820-3662 - Sudden power off

smiba

New member
I've not been able to make it crash anymore, its been running a 480p video with 3% cpu load avg. for hours.

But I've noticed that plugging in the charger to the AC while the magsafe is already in the laptop will make it crash though, but only if the probe is connected...

I've moved the probes into 10x mode to hopefully separate them even more, however this is bringing in a lot of inconsistencies which are making it hard to see between actual crashes and crashes introduced by the exposed wires or scope

EDIT: It seems I didn't had J9510 plugged in all the way! Figured this out because the USB power/data and SD slot woudn't work.
Would this be the reason it was not longer crashing? Lets find out!

EDIT2: I've been able to make it crash again! But with more then one hour between plugging J9510 back in makes me unsure if that could've been it. More likely is the fact that I just drained the battery to 70% while all the other tests were with the battery above 95% or connected to AC. Due a bad trigger configuration the data was unusable so I'm hoping I can catch it again but this time right :)

MOberdick Still working :)?

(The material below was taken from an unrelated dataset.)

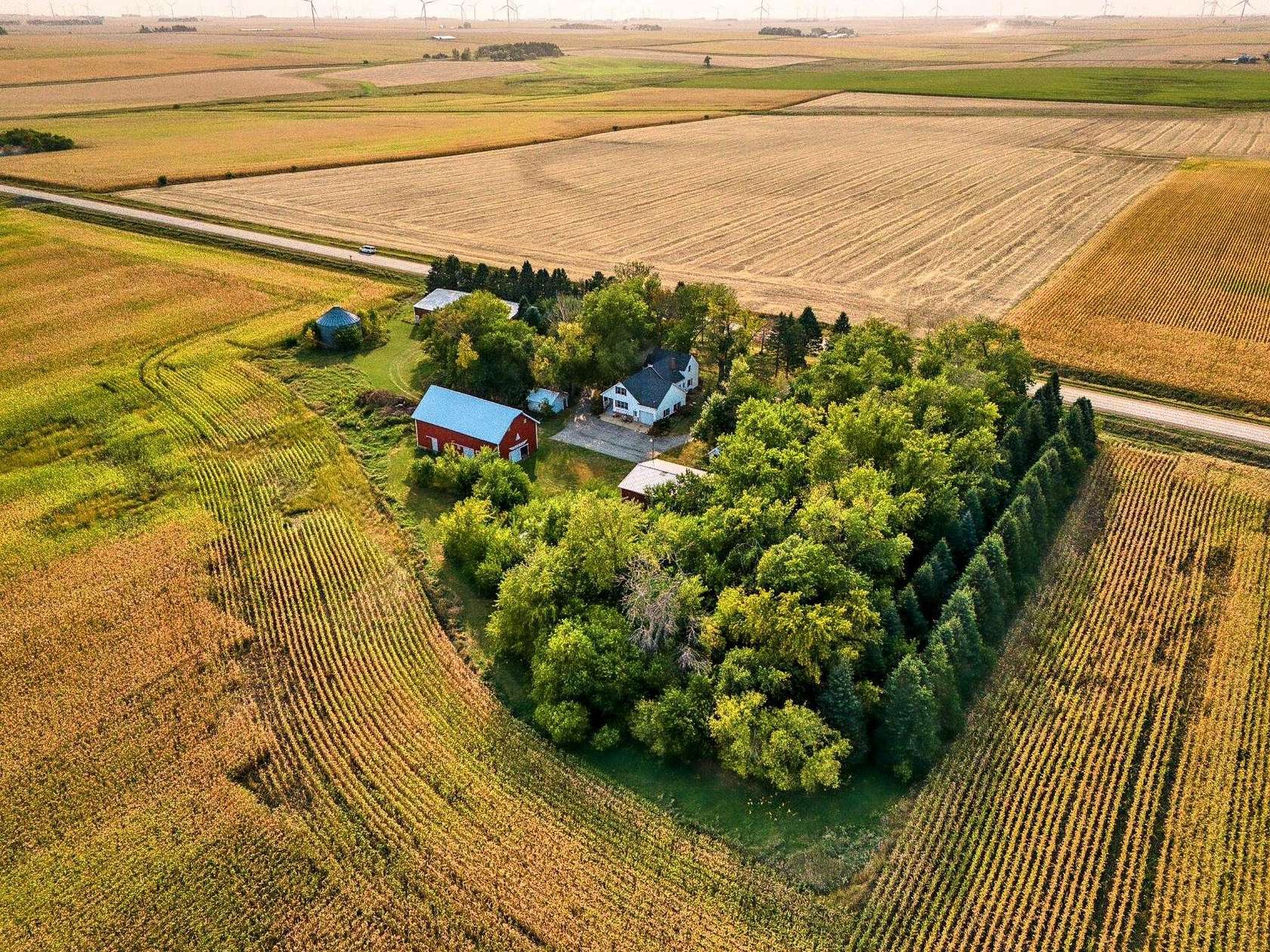 4.36 Acres of Residential Land with Home for Sale in Hartley, Iowa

Also if possible can you test it when its around 70% battery capacity? (PPBUS around 10.7V) - Crashing it on >90% is way harder for me then it was on 60-70%
 
Last edited:

smiba

New member
The crashes have actually changed in behaviour...

Before:
8/10 of the time it would directly fully power off
2/10 of the time the screen video would disappear (blank/black screen), audio stopping but the backlight and fans still rolling for ~5 seconds before it fully powers off

Now:
I've been able to make it crash about 4 times... But they all show the last issue where it turns into a blank screen and after a few seconds powers off.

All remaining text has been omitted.